“Seattle is Dying,” a local news report on the violent crime, homelessness and drug abuse overwhelming the Emerald City, has sparked a national debate over misguided policies that are unleashing death and mayhem on communities across our country.
Denver is now ground zero for those seeking to advance policies that have turned parks and streets in cities like Los Angeles, San Francisco and Seattle into dangerous homeless encampments strewn with trash, needles and human feces.
Two dangerous initiatives will be on the May ballot in Denver, designed to prevent police from enforcing laws that protect the health and safety of residents.
The ballot in Denver will include Issue 300, which would legalize “camping” in parks and in vehicles on public streets, including in front of homes and businesses. Before voting on this beauty, consider the impact on your child’s field trip to the parks surrounding the Denver Zoo, Museum of Nature of Science, and State Capitol.

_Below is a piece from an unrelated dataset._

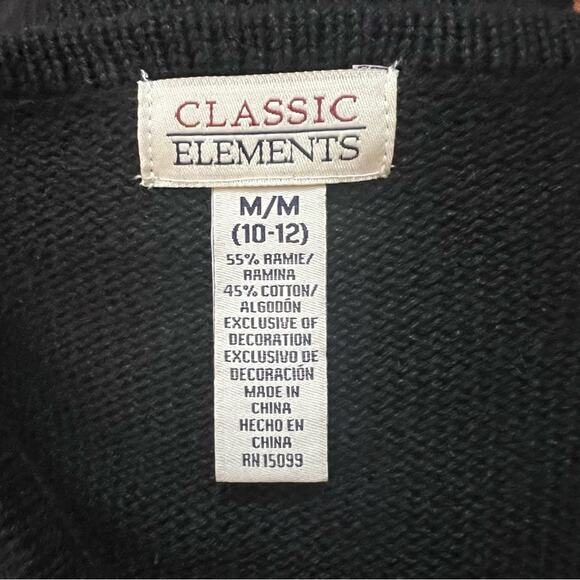 Vintage Black Holiday Cardigan Poinsettia & Snowflake Embroidery Size M (10–12) - Picture 6 of 7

The Denver ballot also includes the “Psilocybin Initiative,” which would decriminalize “magic mushrooms” that cause hallucinations, panic attacks and psychosis, not unlike the effects of LSD. This one will make the increase in emergency room visits and fatal car accidents following the legalization of marijuana seem like a walk in the park. Just watch out for the needles and human feces in said park.

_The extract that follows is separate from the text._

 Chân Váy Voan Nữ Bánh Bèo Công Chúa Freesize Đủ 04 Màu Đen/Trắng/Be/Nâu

During the years I spent helping addicts get off the streets and into safe, supportive programs, I saw the damage done by activists who claimed they could solve Denver’s homeless problem if only they were given vast sums of taxpayer dollars.
Make no mistake, these initiatives are not designed to solve problems, but to turn our streets and parks into dystopian urban nightmares. Once people no longer feel safe and property values are plummeting, the activists will be back with a big government solution — and all they'll need to implement it is a massive amount of taxpayer funding.
And this is the question voters should be asking themselves: “Who stands to gain?” The answer to this question can be found in a Nov. 16, 2017, article in the Puget Sound Business Journal, which reports that, after implementing policies similar to the ones being considered in Colorado, homeless issues around Seattle now cost the area $1.06 billion annually.
Here’s the punchline: homeless activists in the area have come up with a comprehensive plan to end homelessness for a mere $192 million annually. That sounds like a great savings over $1 billion, except that these activist groups are the very ones who pushed the destructive policies that created the problem to begin with.
What these activists do not understand is that people struggling with homelessness, mental health issues, or addiction do not want to be enabled in their behavior. Nor do they need greater access to drugs or alcohol. What they need is community support and supportive services that require them to be accountable and self-sufficient.
Denver Mayor Michael Hancock is building a foundation focused on prevention, expanding access to treatment and recovery programs, and intervention programs that make a real difference in people’s lives. That’s the right place to start — not by turning our streets into a zombie apocalypse.
Peter Droege is the former executive director of a program serving homeless, addicted men in Denver, and is the Fellow of Drug Policy for the Centennial Institute in Denver.